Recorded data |
-=-=-

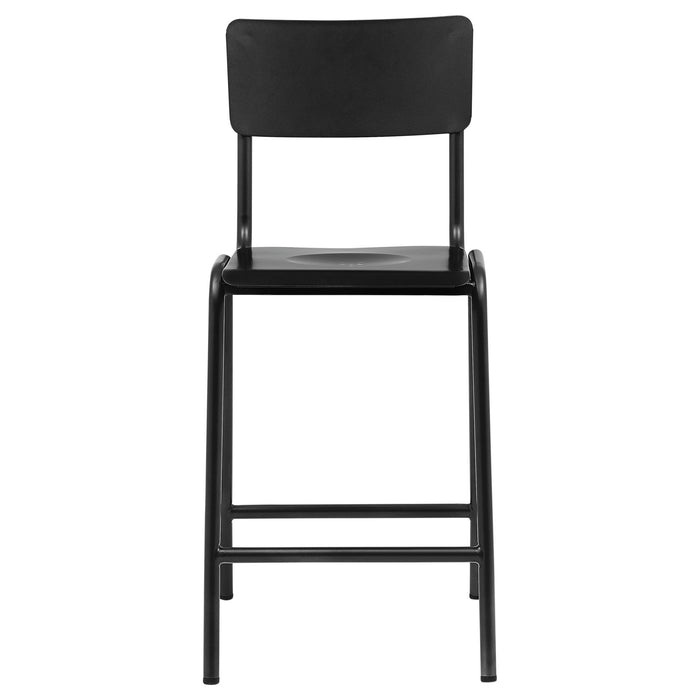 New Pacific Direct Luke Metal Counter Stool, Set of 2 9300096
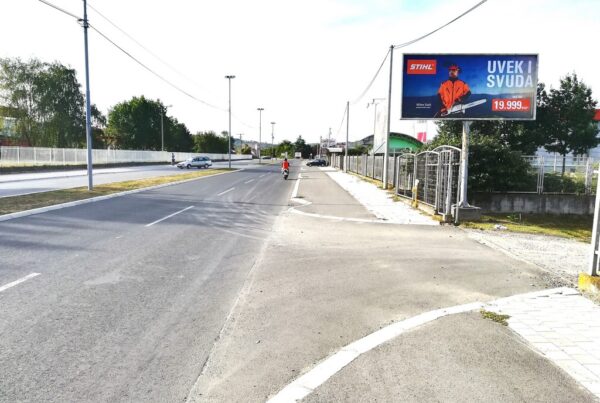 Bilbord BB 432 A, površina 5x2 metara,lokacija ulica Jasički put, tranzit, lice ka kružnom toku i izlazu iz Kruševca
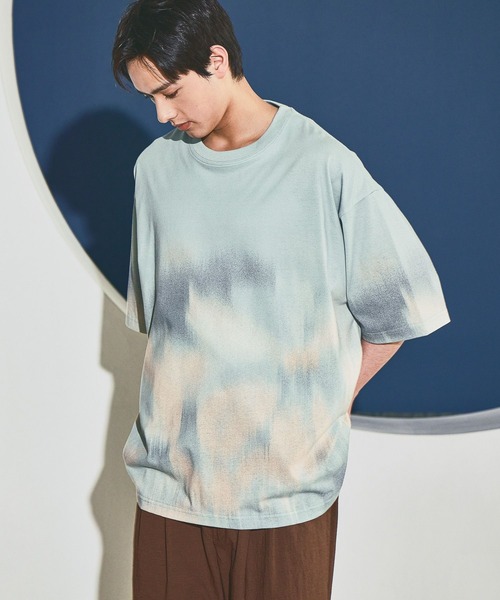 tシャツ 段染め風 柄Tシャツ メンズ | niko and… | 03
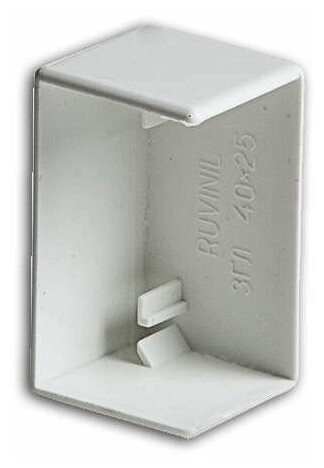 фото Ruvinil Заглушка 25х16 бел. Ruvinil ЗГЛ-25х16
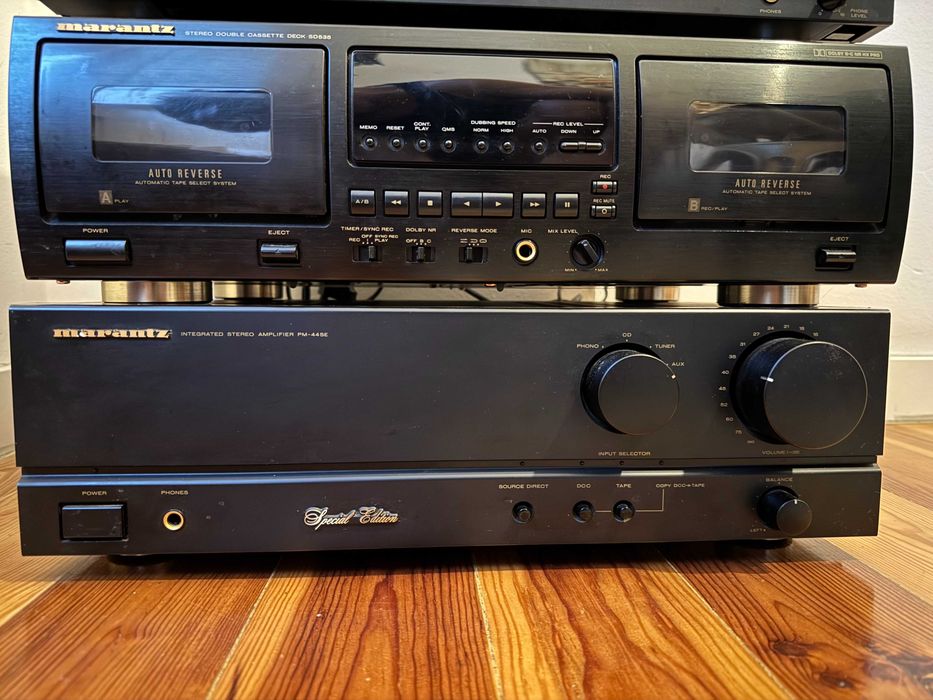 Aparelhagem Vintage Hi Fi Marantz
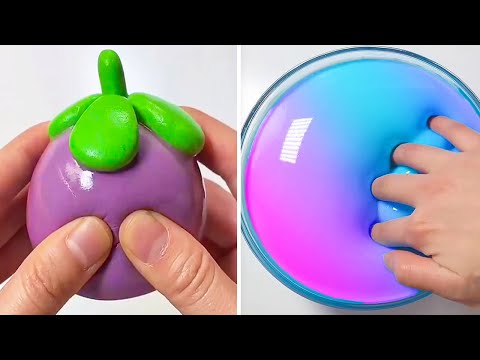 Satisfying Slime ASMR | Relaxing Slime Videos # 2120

-=-=-

Your instructions | Every entry above should be given again exactly, with no images included.

Exercise solution |
 New Pacific Direct Luke Metal Counter Stool, Set of 2 9300096
 Bilbord BB 432 A, površina 5x2 metara,lokacija ulica Jasički put, tranzit, lice ka kružnom toku i izlazu iz Kruševca
 tシャツ 段染め風 柄Tシャツ メンズ | niko and… | 03
 фото Ruvinil Заглушка 25х16 бел. Ruvinil ЗГЛ-25х16
 Aparelhagem Vintage Hi Fi Marantz
 Satisfying Slime ASMR | Relaxing Slime Videos # 2120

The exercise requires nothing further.